External investment can sometimes amplify this pressure. Investors often expect quick returns, which can push businesses to prioritise growth at all costs rather than building sustainable solutions. The EOT model offers an alternative. By shifting ownership to a trust, decisions stay close to the people who know the company best. There is no outside pressure to chase quarterly targets or fit an investor’s exit plan.
That stability allows a business to evolve more deliberately, refining its products, strengthening customer relationships and building a team that truly understands the work. For founders who take a long-term view, employee ownership aligns far better with the culture they want to preserve.
Why culture matters more in tech
Unlike many sectors, technology isn’t just about physical products or assets. It’s about knowledge, creativity and collaboration. The most valuable part of a software business is often the people who build and support it.
Traditional share schemes or bonus structures tend to reward only a small number of employees, usually those in senior positions. But in reality, innovation can come from anywhere. A small tweak from a developer, an insight from a support team member, or an idea from an implementation consultant can make a huge difference to the customer experience.
An EOT broadens that reward. Every member of the team benefits equally when the company performs well. That shared stake creates a stronger sense of connection and accountability, which in turn leads to higher engagement and lower turnover.

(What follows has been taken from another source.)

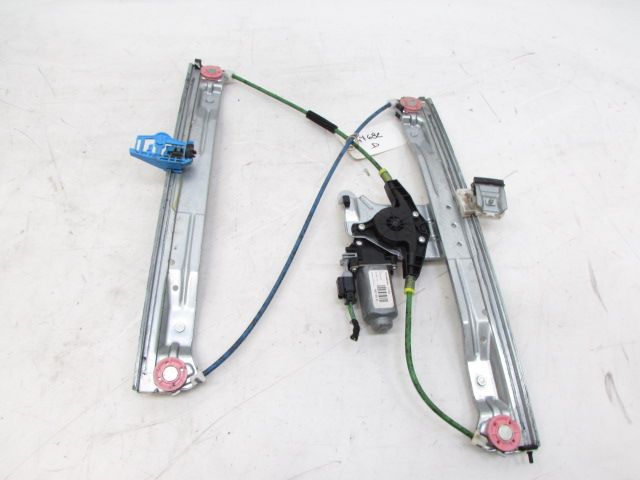 Lève-vitre électrique avant droit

Independent studies find employee-owned businesses 8% – 12% more productive and 50% more likely to reinvest in R&D than conventional peers. For tech businesses competing in a tight talent market, that cultural advantage can be as valuable as the financial one.
Preserving what makes a business unique
Most founders don’t start a company simply to sell it. They start with a clear purpose – usually to solve a problem they care about – and want that purpose to endure beyond their own tenure.
Employee ownership helps embed those founding values into the structure of the business. Trustees are legally required to act in the best interests of employees, which keeps decisions aligned with the people who deliver the work and the customers they support.
It also helps preserve the know-how and relationships that make a smaller tech business distinct. When employees have a meaningful stake, they are more likely to stay, ensuring continuity for clients and safeguarding the culture that made the company successful in the first place.
For customers, that means the team they know and trust doesn’t disappear after an ownership change. For employees, it reinforces that their work is valued and their future matters.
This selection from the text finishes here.